* [Supplied material]:
----------

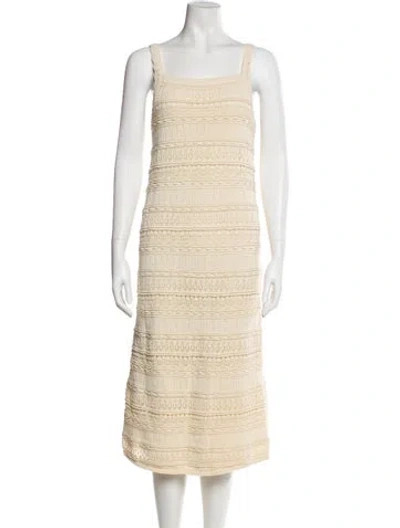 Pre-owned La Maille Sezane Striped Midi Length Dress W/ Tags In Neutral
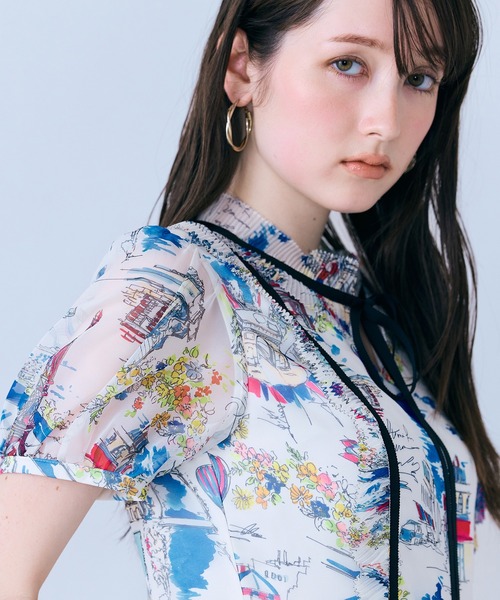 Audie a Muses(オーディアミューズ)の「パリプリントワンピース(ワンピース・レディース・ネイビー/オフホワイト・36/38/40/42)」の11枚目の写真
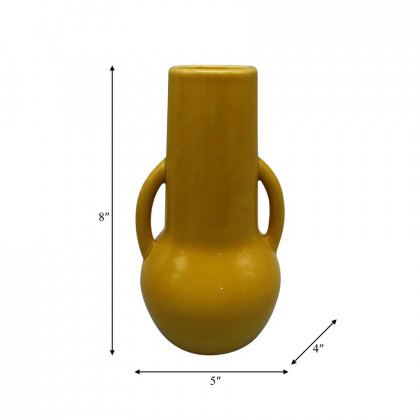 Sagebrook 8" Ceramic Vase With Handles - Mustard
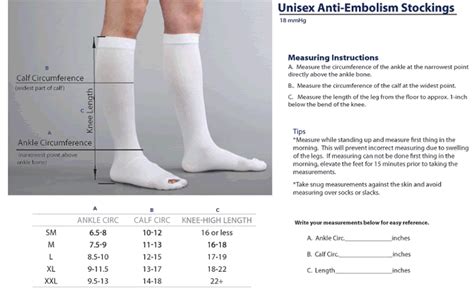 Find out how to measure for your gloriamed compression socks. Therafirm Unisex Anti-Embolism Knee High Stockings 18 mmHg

----------

* [Exercise description]:
With the pictures removed, return the full listing exactly as given.

* [Written solution]:
 Pre-owned La Maille Sezane Striped Midi Length Dress W/ Tags In Neutral
 Audie a Muses(オーディアミューズ)の「パリプリントワンピース(ワンピース・レディース・ネイビー/オフホワイト・36/38/40/42)」の11枚目の写真
 Sagebrook 8" Ceramic Vase With Handles - Mustard
 Find out how to measure for your gloriamed compression socks. Therafirm Unisex Anti-Embolism Knee High Stockings 18 mmHg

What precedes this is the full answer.